* _What the task requires_: With the pictures omitted, print exactly the lines below, from the one containing "Dragonfly And Floral" through the one containing "Bathroom 4, Hotel Reyesol, Málaga", and nothing else.

Data section START

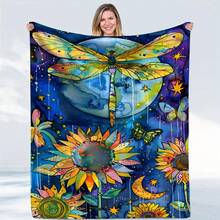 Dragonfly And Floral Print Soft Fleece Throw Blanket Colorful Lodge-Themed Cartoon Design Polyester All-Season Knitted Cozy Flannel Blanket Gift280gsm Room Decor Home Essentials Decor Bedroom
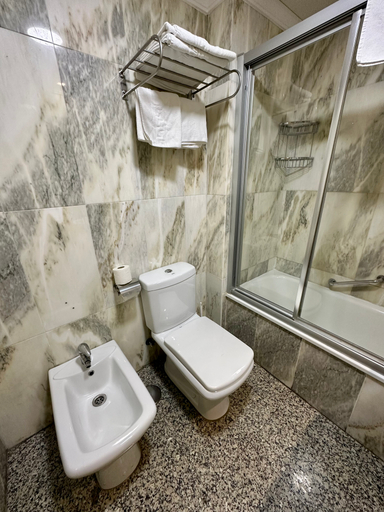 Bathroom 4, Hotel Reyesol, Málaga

Data section END
Data section START

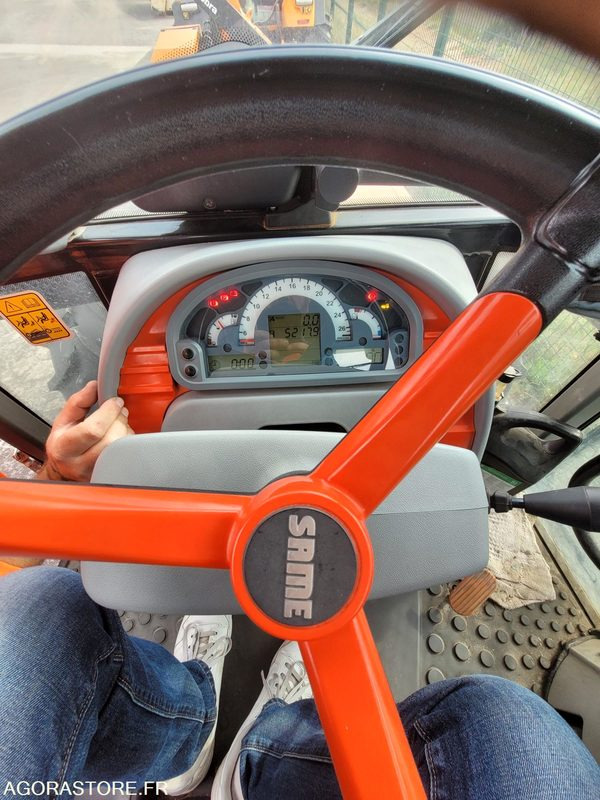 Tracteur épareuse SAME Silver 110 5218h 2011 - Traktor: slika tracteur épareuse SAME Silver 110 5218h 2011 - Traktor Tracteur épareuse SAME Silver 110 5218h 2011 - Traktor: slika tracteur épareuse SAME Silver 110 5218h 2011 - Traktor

Data section END

* _Solution_:
 Dragonfly And Floral Print Soft Fleece Throw Blanket Colorful Lodge-Themed Cartoon Design Polyester All-Season Knitted Cozy Flannel Blanket Gift280gsm Room Decor Home Essentials Decor Bedroom
 Bathroom 4, Hotel Reyesol, Málaga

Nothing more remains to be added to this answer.